Answer
$\mathop \smallint \limits_0^1 \mathop \smallint \limits_0^1 \frac{y}{{1 + xy}}{\rm{d}}y{\rm{d}}x \simeq 0.386294$
Work Step by Step
We use Fubini's Theorem to change the order of integration and re-write the integral:
$I = \mathop \smallint \limits_{x = 0}^1 \mathop \smallint \limits_{y = 0}^1 \frac{y}{{1 + xy}}{\rm{d}}y{\rm{d}}x = \mathop \smallint \limits_{y = 0}^1 \left( {\mathop \smallint \limits_{x = 0}^1 \frac{y}{{1 + xy}}{\rm{d}}x} \right){\rm{d}}y$
We evaluate first the inner integral with respect to $x$.
$S\left( y \right) = \mathop \smallint \limits_{x = 0}^1 \frac{y}{{1 + xy}}{\rm{d}}x$
The antiderivative of $\frac{y}{{1 + xy}}$ with respect to $x$ is $\ln \left( {1 + xy} \right)$ because
$\frac{\partial }{{\partial x}}\left( {\ln \left( {1 + xy} \right)} \right) = \frac{y}{{1 + xy}}$
So,
$S\left( y \right) = \mathop \smallint \limits_{x = 0}^1 \frac{y}{{1 + xy}}{\rm{d}}x = \ln \left( {1 + xy} \right)|_{x = 0}^1$
$ = \ln \left( {1 + y} \right)$
Thus,
$I = \mathop \smallint \limits_{y = 0}^1 \left( {\mathop \smallint \limits_{x = 0}^1 \frac{y}{{1 + xy}}{\rm{d}}x} \right){\rm{d}}y$
$ = \mathop \smallint \limits_{y = 0}^1 \ln \left( {1 + y} \right){\rm{d}}y$
We need an antiderivative of $\ln \left( {1 + y} \right)$ as a function of $y$.

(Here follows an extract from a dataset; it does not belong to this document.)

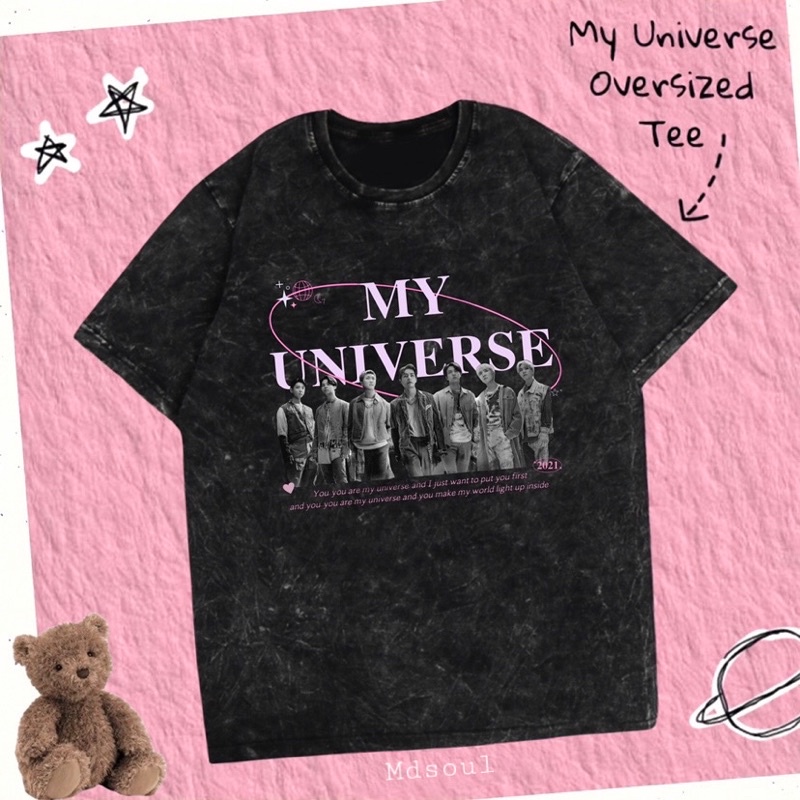 BTS My Universe Oversized tshirt BTS Tshirt washed tshirt Oversized bangtan tee baju bangtan mpc lys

We can use $y\ln \left( {1 + y} \right) + \ln \left( {1 + y} \right) - y$ because
$\frac{d}{{dy}}\left( {y\ln \left( {1 + y} \right) + \ln \left( {1 + y} \right) - y} \right) = \ln \left( {1 + y} \right) + \frac{y}{{1 + y}} + \frac{1}{{1 + y}} - 1$
$ = \ln \left( {1 + y} \right) + \frac{{y + 1}}{{1 + y}} - 1$
$ = \ln \left( {1 + y} \right)$
So,
$I = \left( {y\ln \left( {1 + y} \right) + \ln \left( {1 + y} \right) - y} \right)|_0^1$
$ = \ln 2 + \ln 2 - 1$
$ = 2\ln 2 - 1$
Therefore, $\mathop \smallint \limits_0^1 \mathop \smallint \limits_0^1 \frac{y}{{1 + xy}}{\rm{d}}y{\rm{d}}x = 2\ln 2 - 1 \simeq 0.386294$.